To effectively parse the MusicXML files, the authors extend the capabilities of MusPy, introducing MusicRender. This tool enhances the parsing and processing of MusicXML, enabling the extraction of performance qualities not typically represented in MIDI datasets. MusicRender supports the realization of musical notations and performance nuances, thus providing a more interpretive dataset for modeling tasks.

Moreover, the dataset undergoes filtering based on metadata such as ratings and deduplication processes, resulting in subsets that enhance data quality and model training efficiency. The creation of subsets—such as "Rated", "Deduplicated", and their intersection—serves to stratify the dataset according to inferred data quality, enabling more targeted and reliable model training.

Experimental Insights

The authors evaluate the impact of PDMX on multitrack symbolic music generation. Through comparative analysis across different dataset subsets, they demonstrate the superior efficacy of using filtered and deduplicated subsets for model training. The experiments reveal that models trained on higher-quality data subsets, characterized by user-rated scores, exhibit enhanced richness and musical interest in generated compositions. Fine-tuning further amplifies these benefits across models.

Implications and Future Directions

The introduction of PDMX holds substantial implications for the field of AI music generation, especially within symbolic music domains. It provides a reliable dataset for developing models that respect copyright norms and supports diverse musical applications. The extensive metadata and multitrack capacity open avenues for refined AI tasks, such as expressive performance rendering and symbolic music recommendation systems.

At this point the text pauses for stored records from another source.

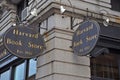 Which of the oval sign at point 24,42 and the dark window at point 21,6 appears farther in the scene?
the dark window at point 21,6

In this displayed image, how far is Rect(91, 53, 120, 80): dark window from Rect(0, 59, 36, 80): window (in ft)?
8.89

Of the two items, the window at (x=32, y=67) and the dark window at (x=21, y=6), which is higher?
the dark window at (x=21, y=6)

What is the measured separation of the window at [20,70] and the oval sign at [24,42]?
1687mm

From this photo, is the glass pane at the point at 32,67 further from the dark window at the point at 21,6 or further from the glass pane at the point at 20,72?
the dark window at the point at 21,6

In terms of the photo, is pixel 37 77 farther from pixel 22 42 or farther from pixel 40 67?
pixel 22 42

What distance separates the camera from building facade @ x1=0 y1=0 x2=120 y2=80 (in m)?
12.5

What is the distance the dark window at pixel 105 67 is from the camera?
13539 mm

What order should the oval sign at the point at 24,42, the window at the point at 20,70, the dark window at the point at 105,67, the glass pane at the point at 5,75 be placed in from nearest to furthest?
1. the oval sign at the point at 24,42
2. the dark window at the point at 105,67
3. the window at the point at 20,70
4. the glass pane at the point at 5,75

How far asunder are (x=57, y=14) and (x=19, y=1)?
5.38m

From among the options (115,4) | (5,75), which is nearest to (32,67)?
(5,75)

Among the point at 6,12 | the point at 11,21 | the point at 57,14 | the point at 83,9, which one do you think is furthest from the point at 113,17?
the point at 6,12

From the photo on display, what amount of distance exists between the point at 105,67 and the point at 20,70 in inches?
174

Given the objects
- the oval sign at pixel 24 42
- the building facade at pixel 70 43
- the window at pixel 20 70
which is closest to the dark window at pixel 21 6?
the building facade at pixel 70 43

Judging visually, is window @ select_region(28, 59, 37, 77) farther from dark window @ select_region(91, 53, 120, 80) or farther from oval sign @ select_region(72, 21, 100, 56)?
dark window @ select_region(91, 53, 120, 80) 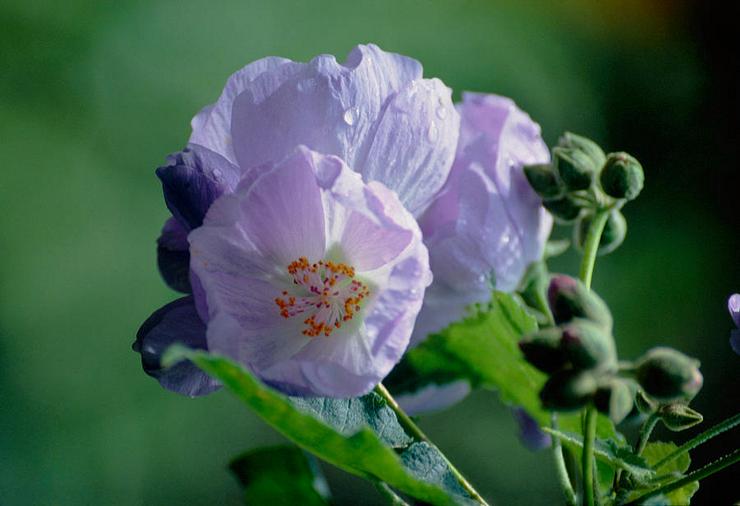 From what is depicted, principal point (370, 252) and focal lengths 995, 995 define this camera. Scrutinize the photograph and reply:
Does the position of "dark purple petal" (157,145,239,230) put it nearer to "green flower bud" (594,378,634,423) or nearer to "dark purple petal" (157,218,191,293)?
"dark purple petal" (157,218,191,293)

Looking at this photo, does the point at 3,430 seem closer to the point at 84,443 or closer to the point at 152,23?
the point at 84,443

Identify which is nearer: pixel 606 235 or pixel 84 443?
pixel 606 235

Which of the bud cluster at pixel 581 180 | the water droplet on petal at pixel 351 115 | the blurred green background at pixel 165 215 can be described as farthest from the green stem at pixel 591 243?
the blurred green background at pixel 165 215

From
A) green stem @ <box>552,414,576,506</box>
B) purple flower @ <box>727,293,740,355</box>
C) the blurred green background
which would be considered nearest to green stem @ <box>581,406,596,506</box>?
green stem @ <box>552,414,576,506</box>

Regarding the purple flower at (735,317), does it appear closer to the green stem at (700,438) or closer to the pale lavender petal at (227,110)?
the green stem at (700,438)

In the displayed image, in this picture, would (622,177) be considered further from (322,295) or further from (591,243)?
(322,295)

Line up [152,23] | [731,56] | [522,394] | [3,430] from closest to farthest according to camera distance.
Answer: [522,394]
[3,430]
[152,23]
[731,56]

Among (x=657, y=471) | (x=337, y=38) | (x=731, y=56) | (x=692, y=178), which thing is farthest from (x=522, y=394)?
(x=731, y=56) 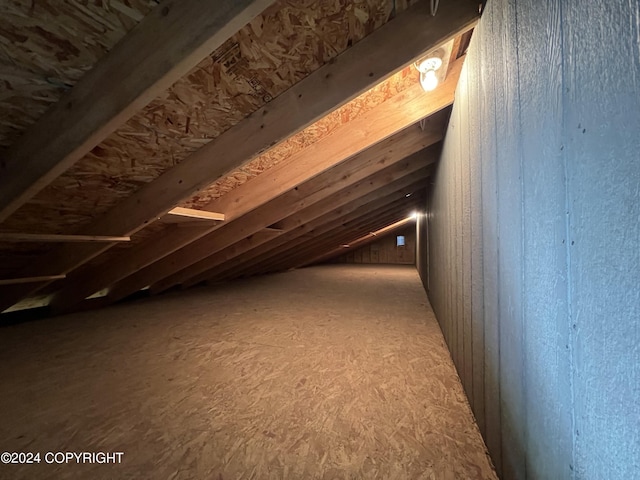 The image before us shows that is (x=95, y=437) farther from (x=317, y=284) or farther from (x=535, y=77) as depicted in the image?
(x=317, y=284)

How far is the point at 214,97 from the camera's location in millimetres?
1265

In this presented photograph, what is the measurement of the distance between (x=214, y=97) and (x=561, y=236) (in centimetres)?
136

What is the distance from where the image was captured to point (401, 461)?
3.78 feet

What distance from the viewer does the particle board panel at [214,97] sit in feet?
3.46

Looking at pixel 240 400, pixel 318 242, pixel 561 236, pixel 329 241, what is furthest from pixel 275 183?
pixel 329 241

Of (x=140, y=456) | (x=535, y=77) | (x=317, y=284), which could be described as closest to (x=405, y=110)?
(x=535, y=77)

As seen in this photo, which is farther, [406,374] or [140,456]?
[406,374]

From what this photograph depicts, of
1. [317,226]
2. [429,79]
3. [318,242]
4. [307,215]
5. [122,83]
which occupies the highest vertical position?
[429,79]

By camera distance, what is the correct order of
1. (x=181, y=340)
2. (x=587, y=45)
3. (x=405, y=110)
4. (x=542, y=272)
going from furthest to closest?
(x=181, y=340) → (x=405, y=110) → (x=542, y=272) → (x=587, y=45)

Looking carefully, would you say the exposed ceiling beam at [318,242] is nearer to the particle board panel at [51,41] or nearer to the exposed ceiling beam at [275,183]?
the exposed ceiling beam at [275,183]

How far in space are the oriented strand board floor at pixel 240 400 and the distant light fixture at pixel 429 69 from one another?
172 centimetres

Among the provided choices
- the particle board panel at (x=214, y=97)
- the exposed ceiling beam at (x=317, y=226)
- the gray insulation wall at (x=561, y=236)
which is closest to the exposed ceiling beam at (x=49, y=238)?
the particle board panel at (x=214, y=97)

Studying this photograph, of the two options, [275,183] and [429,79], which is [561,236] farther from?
[275,183]

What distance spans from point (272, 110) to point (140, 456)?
5.44 feet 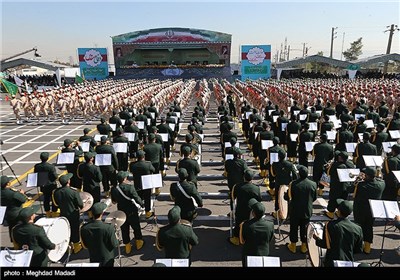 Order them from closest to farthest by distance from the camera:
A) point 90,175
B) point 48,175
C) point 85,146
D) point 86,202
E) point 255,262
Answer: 1. point 255,262
2. point 86,202
3. point 48,175
4. point 90,175
5. point 85,146

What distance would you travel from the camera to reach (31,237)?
5.05 m

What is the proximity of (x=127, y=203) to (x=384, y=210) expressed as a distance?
478cm

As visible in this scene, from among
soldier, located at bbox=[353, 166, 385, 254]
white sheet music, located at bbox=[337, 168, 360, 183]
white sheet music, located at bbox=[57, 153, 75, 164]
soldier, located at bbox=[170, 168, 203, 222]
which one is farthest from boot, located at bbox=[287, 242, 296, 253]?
white sheet music, located at bbox=[57, 153, 75, 164]

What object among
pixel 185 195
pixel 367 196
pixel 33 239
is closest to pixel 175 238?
pixel 185 195

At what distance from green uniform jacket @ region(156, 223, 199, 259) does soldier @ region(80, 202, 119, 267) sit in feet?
2.68

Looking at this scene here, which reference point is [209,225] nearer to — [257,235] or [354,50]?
[257,235]

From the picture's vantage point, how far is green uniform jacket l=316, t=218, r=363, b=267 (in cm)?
493

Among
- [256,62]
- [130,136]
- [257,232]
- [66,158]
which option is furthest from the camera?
[256,62]

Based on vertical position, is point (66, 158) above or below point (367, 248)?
above

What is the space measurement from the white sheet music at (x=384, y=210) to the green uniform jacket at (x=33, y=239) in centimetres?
537

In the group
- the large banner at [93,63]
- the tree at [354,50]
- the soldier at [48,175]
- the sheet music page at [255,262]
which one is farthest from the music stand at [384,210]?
the tree at [354,50]

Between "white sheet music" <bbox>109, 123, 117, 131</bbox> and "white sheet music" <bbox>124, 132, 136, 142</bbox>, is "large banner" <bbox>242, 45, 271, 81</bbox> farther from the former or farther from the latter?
"white sheet music" <bbox>124, 132, 136, 142</bbox> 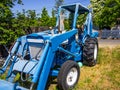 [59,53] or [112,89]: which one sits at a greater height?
[59,53]

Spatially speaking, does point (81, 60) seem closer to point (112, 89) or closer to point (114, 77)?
point (114, 77)

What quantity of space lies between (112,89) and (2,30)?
5.44 meters

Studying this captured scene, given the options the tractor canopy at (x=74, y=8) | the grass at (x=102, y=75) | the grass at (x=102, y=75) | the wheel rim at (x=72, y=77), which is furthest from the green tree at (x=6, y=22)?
the wheel rim at (x=72, y=77)

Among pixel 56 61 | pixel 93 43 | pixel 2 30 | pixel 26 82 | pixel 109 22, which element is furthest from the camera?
pixel 109 22

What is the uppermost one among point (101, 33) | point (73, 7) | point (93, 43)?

In future developments, leveraging the extensive metadata in PDMX could foster novel applications in music information retrieval and performance analysis. Furthermore, the dataset could serve as a pretraining corpus for advanced symbolic and audio-domain generation models, promoting more contextual and semantically rich AI-generated music.

In conclusion, PDMX represents a noteworthy step forward in enhancing the accessibility and quality of symbolic music datasets, addressing key challenges in AI music synthesis, and enabling refined research opportunities in this evolving field.